Add a variant of multihead attention where there's one key or one key per label

Seems competitive with MAX but not a big improvement of any kind Adds an optional position encoding to the KEY / UNTIED_KEY constituency compositions (using reduce_position as a parameter for the size, 0 -> no position) reduce_position needs to be an unsaved module so that it doesn't barf if it gets reloaded later with a different size Incudes comments on a couple variants that didn't work - linear after the attention or a double position vector
author: John Bauer <horatio@gmail.com> 2022-10-14 10:03:48 +0300
committer: John Bauer <horatio@gmail.com> 2022-11-07 23:56:04 +0300
commit: f163c4c7eea19ad4a93afaf93d30183cb3c7b93c (patch)

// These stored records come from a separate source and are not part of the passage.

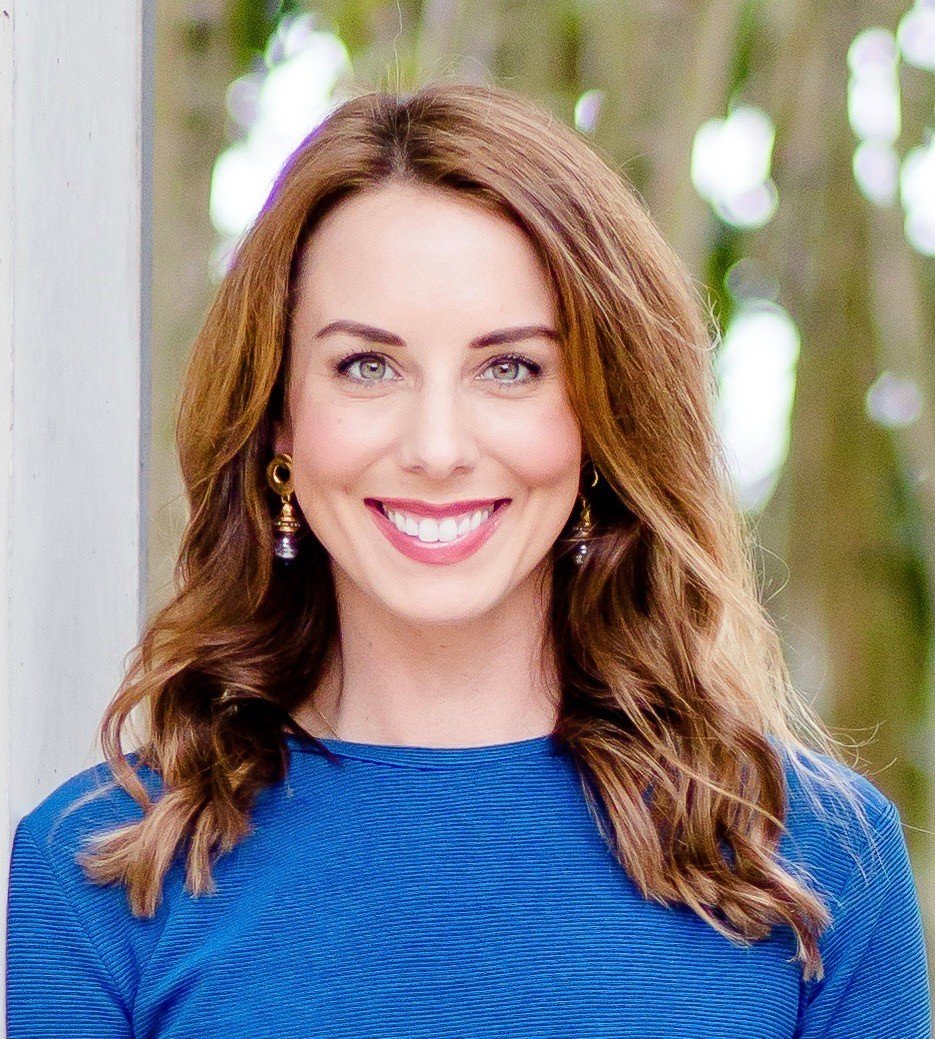 A woman with shoulder-length wavy brown hair, wearing a royal blue top and gold earrings, smiling outdoors with blurred greenery in the background.
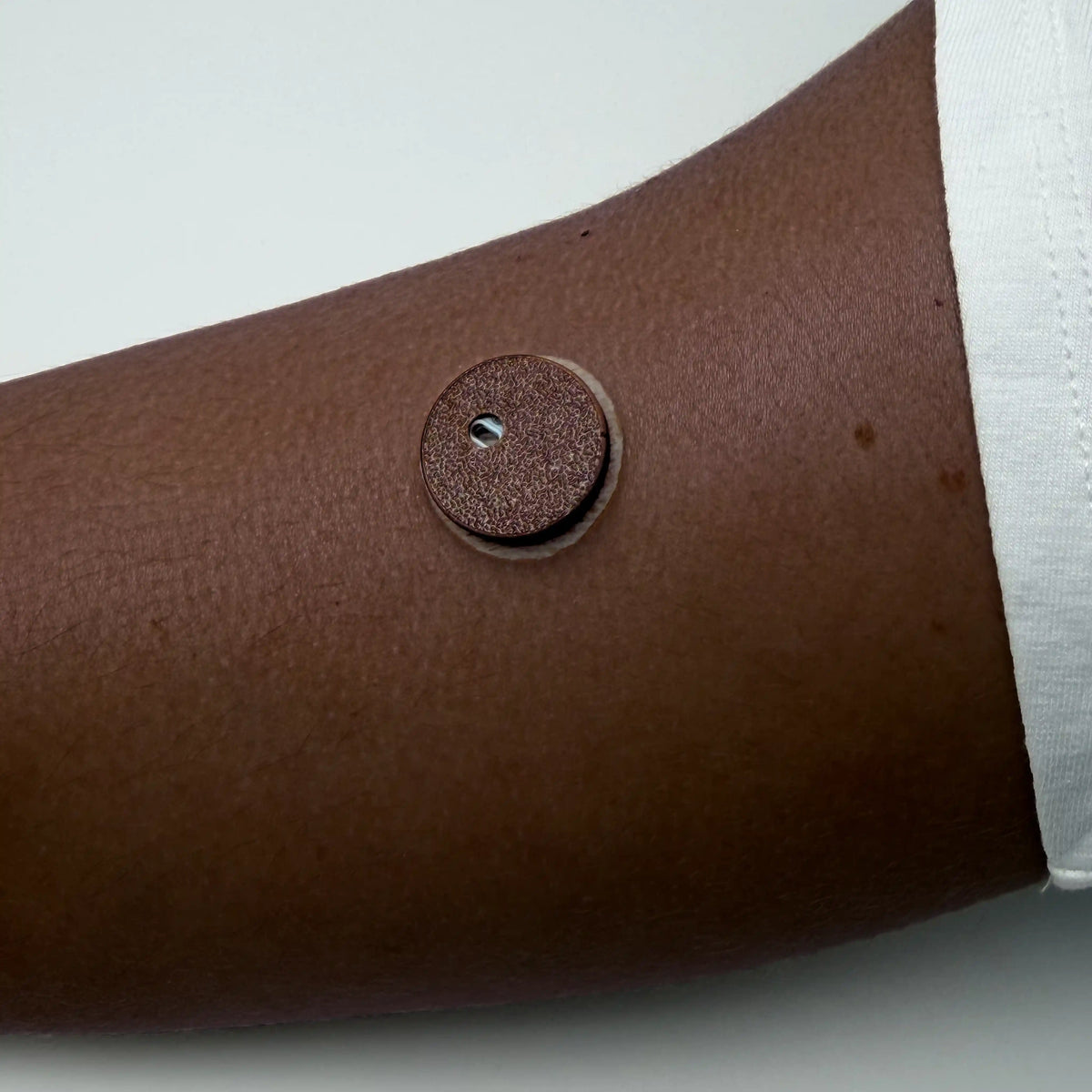 Coque marron ébène posée sur un capteur FreeStyle Libre 3, portée au bras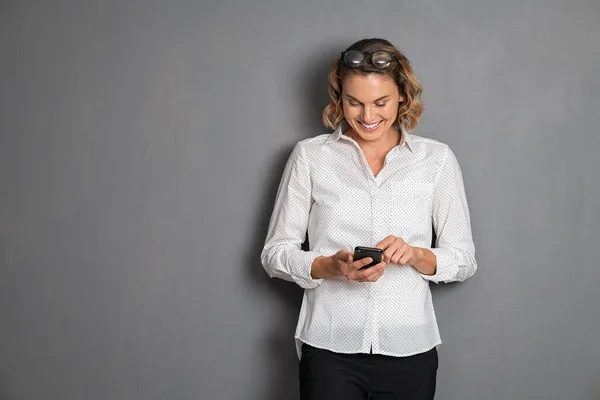 Vrolijke Zakenvrouw Staat Tegen Grijze Achtergrond Met Behulp Van Smartphone — Stockfoto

tree: ab2fd11bffcd86b495b2a5139d687424346af92a
parent: a07cf172e2ba3c8c82b4195dec9d72364ad4c5e0 (diff)
3 files changed, 98 insertions, 1 deletions
diff --git a/stanza/models/constituency/lstm_model.py b/stanza/models/constituency/lstm_model.py
index 9f08535a..f0ec86e9 100644
--- a/stanza/models/constituency/lstm_model.py
+++ b/stanza/models/constituency/lstm_model.py
@@ -45,6 +45,7 @@ from stanza.models.constituency.lstm_tree_stack import LSTMTreeStack
 from stanza.models.constituency.parse_transitions import TransitionScheme
 from stanza.models.constituency.parse_tree import Tree
 from stanza.models.constituency.partitioned_transformer import PartitionedTransformerModule
+from stanza.models.constituency.positional_encoding import ConcatSinusoidalEncoding
 from stanza.models.constituency.transformer_tree_stack import TransformerTreeStack
 from stanza.models.constituency.tree_stack import TreeStack
 from stanza.models.constituency.utils import build_nonlinearity, initialize_linear, TextTooLongError
@@ -170,6 +171,31 @@ class StackHistory(Enum):
 #   UNTIED_MAX          0.9592
 # Furthermore, starting from a finished MAX model and restarting
 #   by splitting the MAX layer into multiple pieces did not improve.
+#
+# KEY has a single Key which is used for a facsimile of ATTN
+#   each incoming subtree has its values weighted by a Query
+#   then the Key is used to calculate a softmax
+#   finally, a Value is used to scale the subtrees
+#   reduce_heads is used to determine the number of heads
+# There is an option to use or not use position information
+#   using a sinusoidal position embedding
+# UNTIED_KEY is the same, but has a different key
+#   for each possible constituent
+# On a VI dataset:
+#   MAX                    0.82064
+#   KEY (pos, 8)           0.81739
+#   UNTIED_KEY (pos, 8)    0.82046
+#   UNTIED_KEY (pos, 4)    0.81742
+# Attempted to add a linear to mix the attn heads together,
+#   but that was awful:    0.81567
+# Adding two position vectors, one in each direction, did not help:
+#   UNTIED_KEY (2x pos, 8) 0.8188
+# To redo that experiment, double the width of reduce_query and
+#   reduce_value, then call reduce_position on nhx, flip it,
+#   and call reduce_position again
+# Evidently the experiments to try should be:
+#   no pos at all
+#   more heads
 class ConstituencyComposition(Enum):
     BILSTM                = 1
     MAX                   = 2
@@ -179,6 +205,8 @@ class ConstituencyComposition(Enum):
     ATTN                  = 6
     TREE_LSTM_CX          = 7
     UNTIED_MAX            = 8
+    KEY                   = 9
+    UNTIED_KEY            = 10
 
 class LSTMModel(BaseModel, nn.Module):
     def __init__(self, pretrain, forward_charlm, backward_charlm, bert_model, bert_tokenizer, transitions, constituents, tags, words, rare_words, root_labels, constituent_opens, unary_limit, args):
@@ -225,7 +253,7 @@ class LSTMModel(BaseModel, nn.Module):
 
         self.hidden_size = self.args['hidden_size']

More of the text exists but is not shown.